In the end one thing counts: We all want to develop ourselves further. It is not without reason that the absence of personal development is the second most frequently mentioned reason for us humans to quit. (Gallup Engagement Index)

„I’m stuck here, I can’t get anywhere. I have to go somewhere else.“

So we get the first, strategic, intermediate step. Through a successful integration of the 5 Gamification principles (5 pillars) we work on the nature of the available infrastructure, so that in the end the targets can be achieved and adhered to (point A). At the same time, we always aim at the experience of M.P.A.R.

If the two goals are contrary to each other, the focus should – in the sense of a long-term perspective – be more on satisfying the intrinsic needs of the people involved. Keeping the effective balance is the challenge of any gamification design.

Building on this basic work, the appropriate decisions can now be made in the points C & D.

Point C

With the results of A + B always in mind, we turn to point C. For us, this is a point in time when a foundation is laid within the gamification design, which decisively determines the further tonality of the concrete implementation. We ourselves refer to point C as the gamification pattern. While A + B have focused on the user focus, the gamification pattern decisively determines how the system (gamification project) interacts with or adapts to humans.

The structures that are used here are then ultimately filled with elements and mechanics through point D. This is how behavioural and game psychology meets realistic structures. One could also say ‚Structure becomes Strategy‘ (quote: Anton Seidl).

Example: ‚Structure becomes Strategy‘:

The elements 46-49 refer to the behavioural model ‚The Hook Model‘ by Nir Eyal, which helps us here in context from an extrinsically triggered first contact, over a short to medium term intrinsic reward, to a long term intrinsic motivation.

The elements 52-55 (according to Gabe Zichermann) allow a systematic approach. Thus we decide what kind of feedback is given to the users in the course of their ‚progress‘ within the system.

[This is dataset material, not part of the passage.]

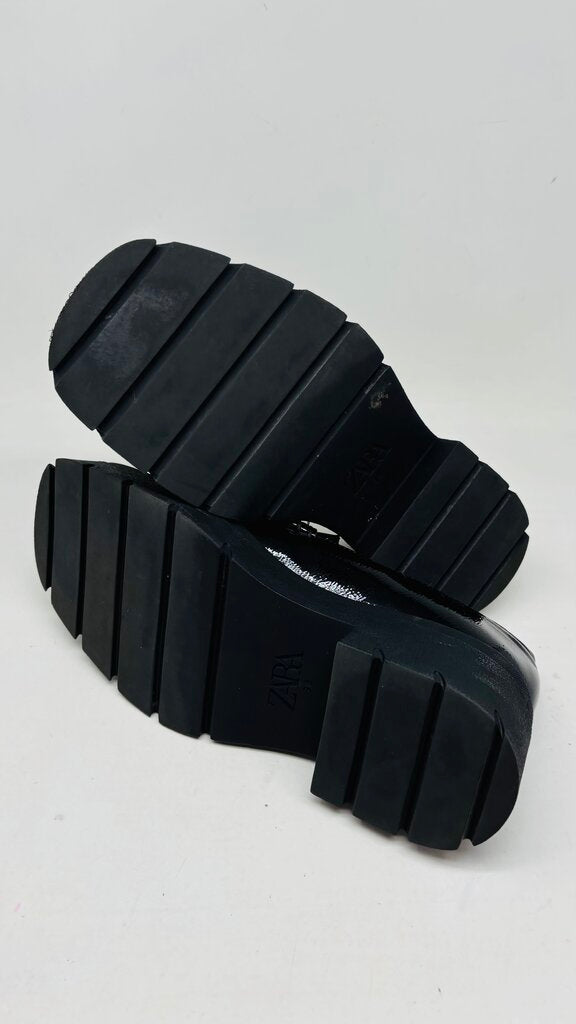 Zara Loafers Black 7.5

Both approaches have long been used by us within the gamification methodology. Over the years, and based on our experience with them, we have adapted them to the requirements of our gamification philosophy. This has created a native parallelism between elements 46-49 & 52-55, and we do the same with almost all other elements that we have not developed ourselves.

Their use helps to develop a long-term strategy for how the gamified system and the human being progressing within it interact together. So how do you promote development, what are feedbacks on individual progress, and more.

Point C – and thus part of the gamification pattern – also includes the second part, the

User Development

Important: The order in which the gamification pattern and user development are presented does not necessarily correspond to the real implementation to do. Both areas of point C (green + blue) are mutually dependent on each other and must therefore be worked on in a revolving manner.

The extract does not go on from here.